Main Session
Sep
30
PQA 09 - Hematologic Malignancies, Health Services Research, Digital Health Innovation and Informatics
3586 - RADAR -- A Novel Tool in Shared Decision-Making for Men with Prostate Cancer
Presenter(s)

Sarah Bergholtz, MD, MPH - Michigan Medicine, Ann Arbor, MI
S. Joshi1, S. Bergholtz2, R. T. Dess3, T. M. Morgan4, and V. Popov1,5; 1University of Michigan Medical School, Ann Arbor, MI, 2Univesity of Michigan Medical School, Ann Arbor, MI, 3Department of Radiation Oncology, University of Michigan, Ann Arbor, MI, 4Department of Urology, University of Michigan, Ann Arbor, MI, 5University of Michigan Learning Health Sciences, Ann Arbor, MI
Purpose/Objective(s):
Treatment options for localized prostate cancer have similar survival and recurrence outcomes but come with different side-effect profiles, vary in time commitment, and may require additional hormone medication. With this in mind, patients may feel overwhelmed by the volume of information presented and needed to make an educated and values-concordant decision. Oncologists must participate in shared decision-making (SDM) with patients to ensure information is communicated and the patient’s values are acknowledged.

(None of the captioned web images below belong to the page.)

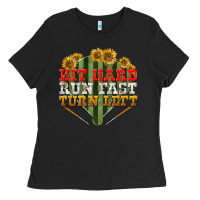 Black hit hard run fast turn left Ladies Tee - BundleAndBundleShop
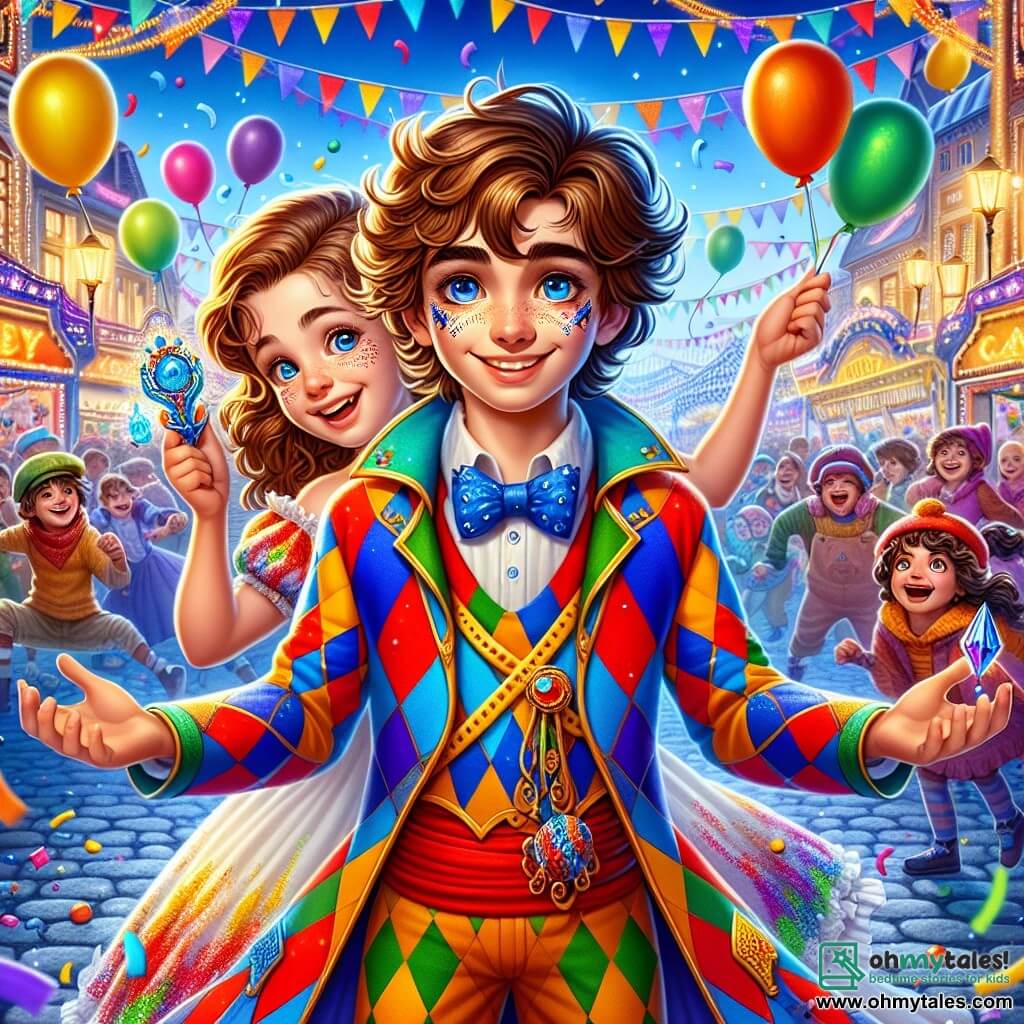A 12-year-old boy, Finn, with tousled brown hair and sparkling curious eyes, wears a bright harlequin costume with diamond patterns in blue, red, and yellow. He stands at the center of the image, smiling widely and holding a shimmering blue feather, ready for adventure. Next to him is an 11-year-old girl, Zadie, with curly hair and a vibrant paint-splattered dress, encouraging him with a determined look while holding a colorful map. In the background, a lively carnival street is decorated with multicolored garlands, floating balloons, and candy stands, where children laugh and dance. The scene exudes a festive and magical atmosphere, filled with joy and excitement, as Finn and Zadie prepare to solve the mystery of the Carnival.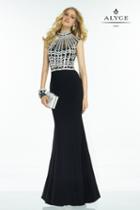 Alyce Paris Claudine - 2531 Long Dress In Black Silver
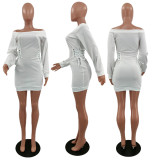 SC Fashion Off Shoulder Long Sleeve Bandage Dress YMT-6332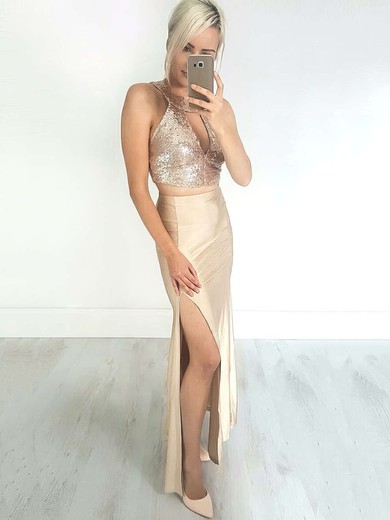 Sheath/Column Scoop Neck Sequined Jersey Ankle-length Split Front Prom Dresses #Favs020105256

Here, we implement a novel feedback tool, RADAR, to evaluate oncologists' and patients’ perceptions of the SDM conversation occurring during their visit to our institution’s multidisciplinary urology clinic (MDUC). Using RADAR, we aim to identify discrepancies in communication domains, provide real-time feedback to oncologists, and evaluate for misalignment patterns.Materials/Methods:
Participants are seen by a radiation oncologist and a urologic oncologist at the MDUC clinic. At the end of the encounter, patients receive a 10-question survey adapted from the Shared Decision-Making Questionnaire (SDM-Q-9). Providers are asked to complete a parallel survey that clinic day. Once all surveys are complete for an encounter, RADAR combines the data and graphically presents the alignment for all survey questions and communication domains.Results:
The study is ongoing and will be completed by ASTRO 2025. So far, 79 patients have been surveyed, however, only 69 patients have a RADAR output generated due to incomplete oncologists’ survey data. Misalignment in communication domains is determined by the difference between responder answers. 49/69 outputs are well aligned with no specific domain discrepancy. The domains with the most misalignment are “deliberating on options” (n = 8) and “exchanging information” (n = 5). In those cases, participants expressed they were not asked what was important to them during treatment, nor were they asked which treatment option they preferred. Overall, patients felt that treatment options were thoroughly discussed and all of their questions were answered. Additionally, most cases of misalignment were led by patient differences (n = 13/20).Conclusion:
We demonstrate a novel feedback tool in a multidisciplinary team setting, specifically for prostate cancer patients. We show that implementation in a fast-paced clinical setting can be difficult for real-time feedback, and debriefing may be easier at the end of the clinic day. Preliminary areas of improvement in communication skills focus on physicians deliberately asking patients about their values and preferences. At the end of most encounters, the next steps were generally additional workup or further deliberation at home, suggesting that physicians’ goals may be to provide information at initial visits rather than focusing on decision-making. With most cases of misalignment being patient-led, there may be some physician bias while reflecting on their communication skills.